Last Saturday we held our Spring Open House. Usually we send out an announcement to everyone on our mailing list within the Bay Area. This year though we had rain the entire week before the open house and one day in particular that Jerry said was the most rain he'd ever seen in a 24 hour period.

The net result was that the little field we usually use for parking was too wet to mow and too soft to park in. We decided rather than trying to do traffic control on the street, or worse have to tow cars out of the mud, we'd cut back on the email invites and just send them to people who had checked off 'hold for pick up' on their order forms.

This gave us a small group of visitors and a much more low key event. The first picture I took was for some people on the Wine Spectator forum. There was a question about 'gunk' in wine and I thought I'd take a picture of some Syrah we have in a carboy. This is the net result of letting 5 gallons of gross lees settle for a few months. The lees are on the bottom and the wine is on the top.

Now a better picture of our hostess with a bottle of wine in the cellar getting ready for visitors.

Here is our little low key tasting table. I actually forget sometimes I'm supposed to do the pouring and tend to think people will just help themselves. Not your normal tasting room experience I'm sure. I was feeling like celebrating the opening of a new Chavez Supermarket near our home so the treat were chips, red salsa, nopales salsa and queso fresco.

I opened 5 wines in total the three from the current release: 2009 Chardonnay Chaine d'Or Vineyard, 2008 Cabernet Sauvignon Crimson Clover Vineyard and 2008 Cabernet Sauvignon Santa Cruz Mountains. The other two wines where a 2007 Cabernet Sauvignon Uvas Creek Vineyard and 2007 Cabernet Sauvignon Santa Cruz Mountains.

The Uvas Creek was best after being open about an hour. I think that means it's almost out of the odd stage that this bottling has always gone through from age 3 to 4. If you want to open one over the next few months I'd decant it for about an hour to let the cherry fruit open up. Right out of the bottle the fruit is a little muted but with air it comes back around. I saw this in the 05 and 06 also at about the same age so I think it's something with the aging profile of this particular vineyard.

Monday, April 04, 2011

Bud Break at the Home Vineyard

I've been having some terrible issues getting pictures off of my Samsung Fascinate so I've been slow on putting blogs up. Verizon and Samsung like to send out updates to the phone regularly. Here's a picture of the Engineering and QA teams at Verizon and Samsung preparing for their next update.

So basically every updates totally and completely breaks picture transfer and it takes hours to sort it back out. With that little rant out of the way, here's some happier thoughts.

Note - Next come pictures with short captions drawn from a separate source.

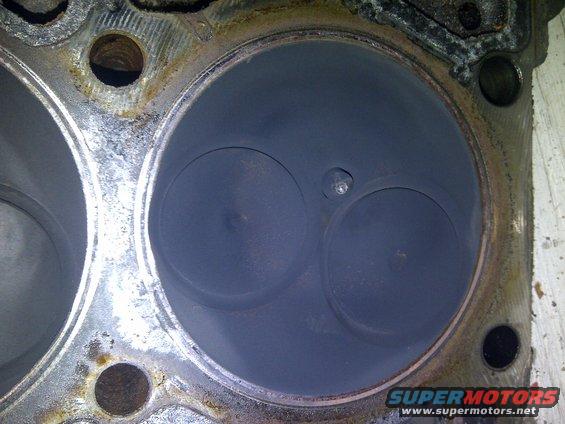 Engine cylinder head with two valves, showing carbon buildup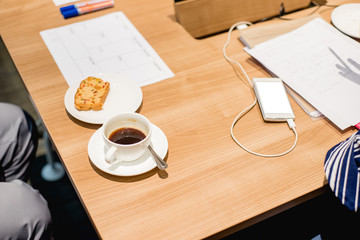Business people working on laptop computer and phone in meeting room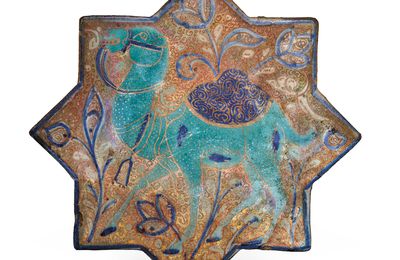 A Kashan lustre, turquoise and cobalt-blue star tile, Iran, late 13th-early 14th century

We've had bud break in all the vineyards now and as usual the home 'Haut Tubee' vineyard led the way. This is a Thompson Seedless vine in the front parkway. One of our neighbors asked us if we would plant some table grapes so we did.

This is one of the remaining 'old boys' from the original planting. This is a Grenache. That's Italian Parsley growing around it. Stefania planted all kinds of herbs and flowers around the vines. We've been using the parsley a lot and I actually discovered that the stalks get pretty thick and if you peel them they are a good addition to stews.

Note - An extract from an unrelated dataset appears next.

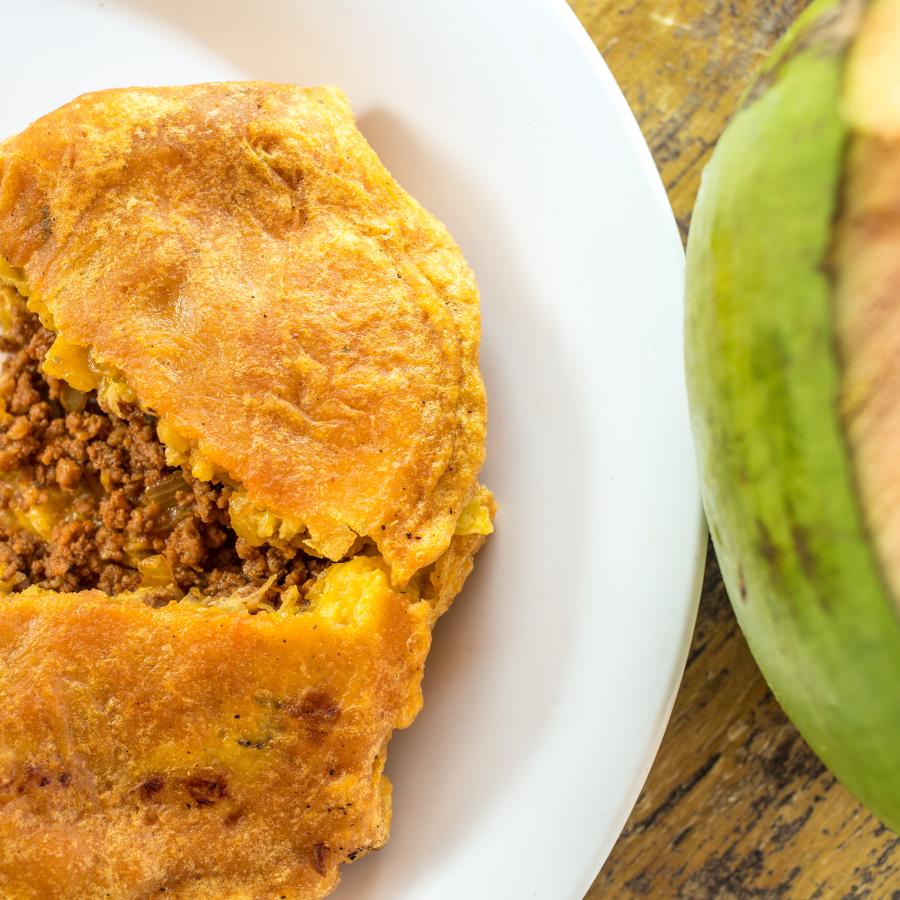 Puerto Rican fritter known as pionono served in a plate with a coconut next to it.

This is a Mourvedre vine with some California Poppy's in the foreground. This little plant will send runners down the line this year that will become cordons. The plants in the background are a mix of Crimson Clover and wildflowers. It will be another two weeks or so for the colors to really start coming out.

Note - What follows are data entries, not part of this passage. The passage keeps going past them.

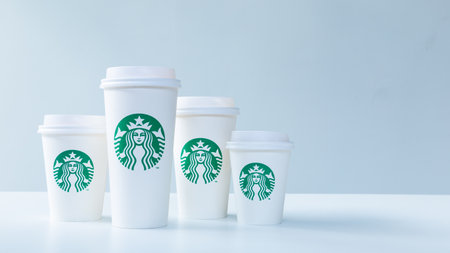 CHIANG MAI, THAILAND - 31 December 2018 - Starbucks white take home coffee cups in various sizes line up on white table against white background in Chiang Mai, Thailand on December 31, 2018のeditorial素材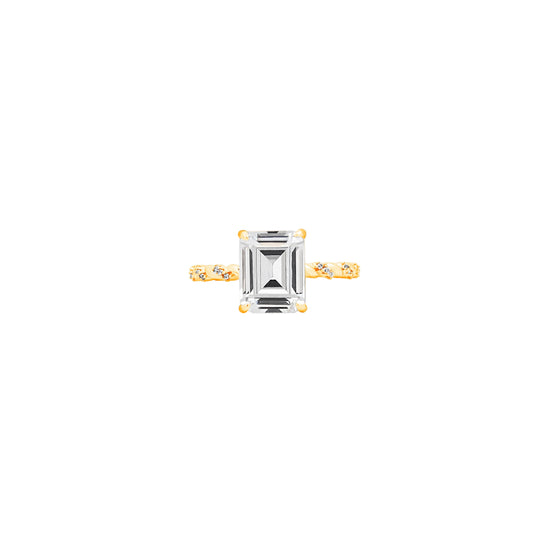 Twisted Band Emerald Cut Ring – Golden Weave Holding Timeless Clarity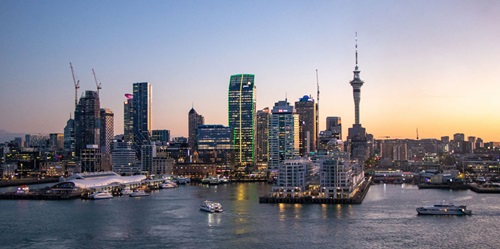 Skyline of Auckland, New Zealand, at dusk with the iconic Sky Tower and high-rise buildings illuminated against a clear evening sky. Boats and ferries move through the harbor in the foreground, reflecting city lights on the water.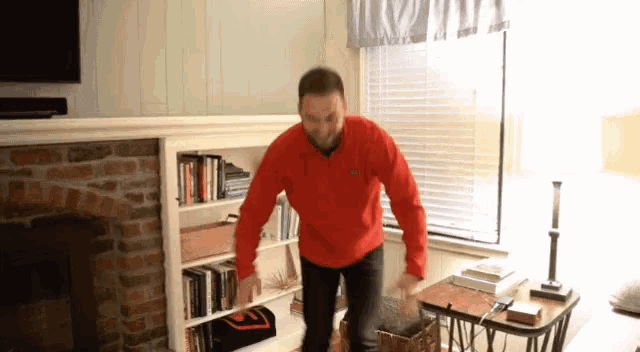 a man in a red sweatshirt is standing in front of a bookshelf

Here's a more mature vine closer to the house and some Crimson Clover that's already started to bloom. This plant will send out the start of spurs this year and should produce about 10 pounds of fruit.

This is one of the 'old boys' in the backyard that we've retrained to cordon and spur training. I used this particular plant in past blogs about pruning and thought I'd give an update on how it looks this year.

Another one of the 'old boys' in the backyard sending up two new shoots from its spur. This little growth here will eventually produce four clusters of grapes that will weigh in at about 6 pounds. Everything in the backyard now is Syrah.